Re: a joint letter on low latency and Linux

From: Martin Mares (mj@suse.cz)
Date: Fri Jul 07 2000 - 17:52:33 EST


Hello!

> Note that printk() during normal kernel operations _is_ a bug.
>
> printk() should happen only for (a) initialization and (b) exceptional
> events. I fyou get printk's while doing streaming audio, you have other
> trouble, and whatever causes that trouble should be fixed.

   Agreed. But if we want to allow printk's in those emergency situations, we
still must lock the console subsystem somehow to avoid collisions between
normal console output and the printk's. The most ugly point is that some
gfx cards (Matrox, to name one) lock up when trying to touch the frame buffer
while the accelerator accesses it. And these locks definitely should not
keep interrupts disabled as they do now. Being a sssslllooowww action,
scrolling of the FB should be interruptible and perhaps even preemptive.

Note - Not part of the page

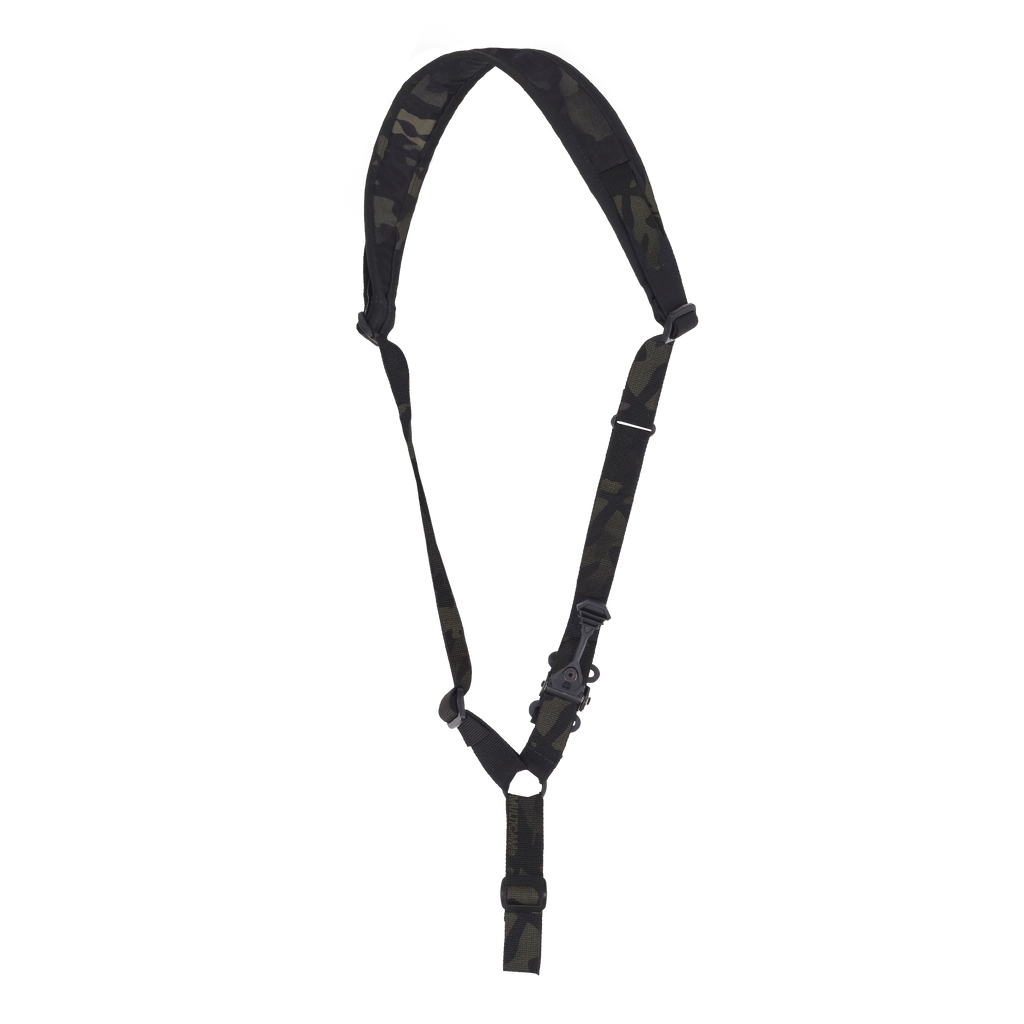 The Single Point Slingster® – FERRO CONCEPTS The Single Point Slingster® – FERRO CONCEPTS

   When thinking about it, once I ended up with this solution: use two locks:
one non-IRQ-safe (maybe a semaphore) protecting the whole console machinery
from re-entering and one IRQ-safe protecting just the console data structures.
When printk'ing, try to grab the big lock. If it succeds, do everything normally,
if it doesn't, call a special function of the low-level console driver which
waits for the accels to finish, make sure the cursor is on a sane position
and then do the printing.

                                Have a nice fortnight

-- 
Martin `MJ' Mares <mj@ucw.cz> <mj@suse.cz> http://atrey.karlin.mff.cuni.cz/~mj/
"A mathematician is a machine for converting coffee into theorems."